PDA

View Full Version : Grep madness: how to extract email addresses


rosslaird
July 1st, 2006, 06:38 PM
This is silly: I have spent so much time on this simple task, and have been so frustrated by it, that I have gone out and bought a book on how to program perl in order to find some way of figuring this out. But really, I shouldn't have to go so far (though I would like to know how to program in perl...).

Here's my "simple" challenge: I have a Sent folder of about 5000 emails on my hard drive. I have synced it with my remote imap folders using offlineimap. I want to extract the "to:" addresses in these sent messages so I can compare them with, and add them to, my newsletter subscriptions (I have an online newsletter). Then, I want to import the list into phplist and send a newsletter.

OK. I have found a script that fetches all the email addresses and places them in the little brother database for mutt. That's pretty good, but I don't want the addresses for all of my emails, just the sent ones.

I have tried navigating into the sent folder and using grep:

grep "^To: " * > emails.txt

But grep just seems to hang.

I have tried this with agrep also.

I am thinking of trying the following but I don't know exactly what it will do (I found it online):

perl -ne 'print $1 if m/^To: .*(\S+@\S+)/' < mboxfile

Maybe it's in my new book...
(I think what it does is search for lines with "To:" and print them to a file called mboxfile). I don't want to run it unless I know more about it.

But really, this should be a fairly simple exercise, no?

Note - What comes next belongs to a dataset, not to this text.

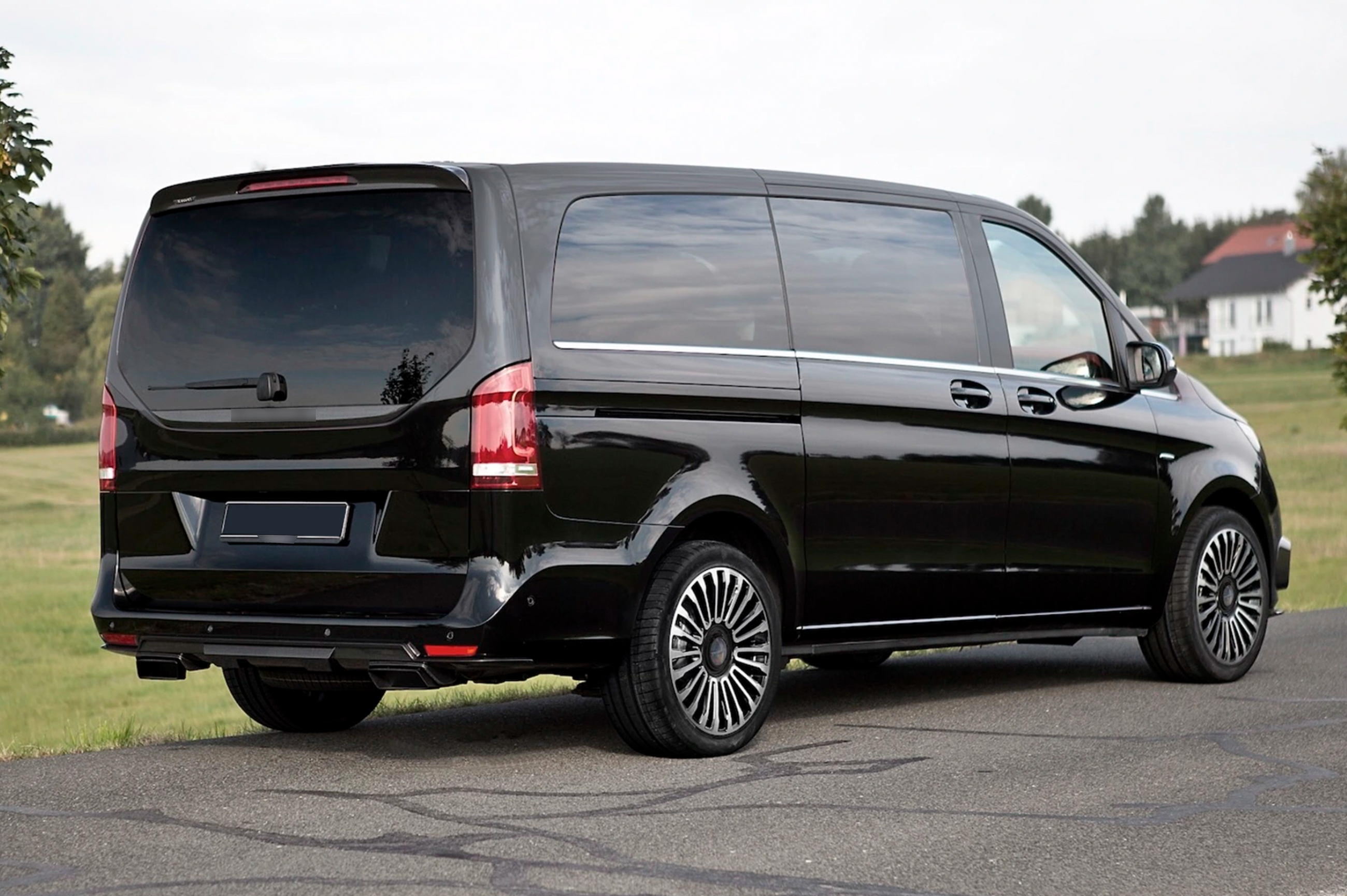 Комплект обвісів MNSR Carbon V2 (для V-Class) 6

Feedback and suggestions welcome...

Ross

rosslaird
July 1st, 2006, 07:05 PM
OK, small progress.

This,

grep -R 'To: ' *

when run in the main sent directory (i.e. above cur/tmp/new) causes grep to print out every line with "To" and "In-Reply-To:". It also shows the filename (of the message) which obviously I need to strip out, and I will need to exlcude the "In-Reply-To" lines as well. But progress is happening. Help still requested.

Ross

mlind
July 2nd, 2006, 12:30 AM
I thinkg your first idea looked okay

grep -h "^To:" * > test


If you have multiple To: matches on a one line, you might need sed or awk for the task.
With sed you can basicly do anything.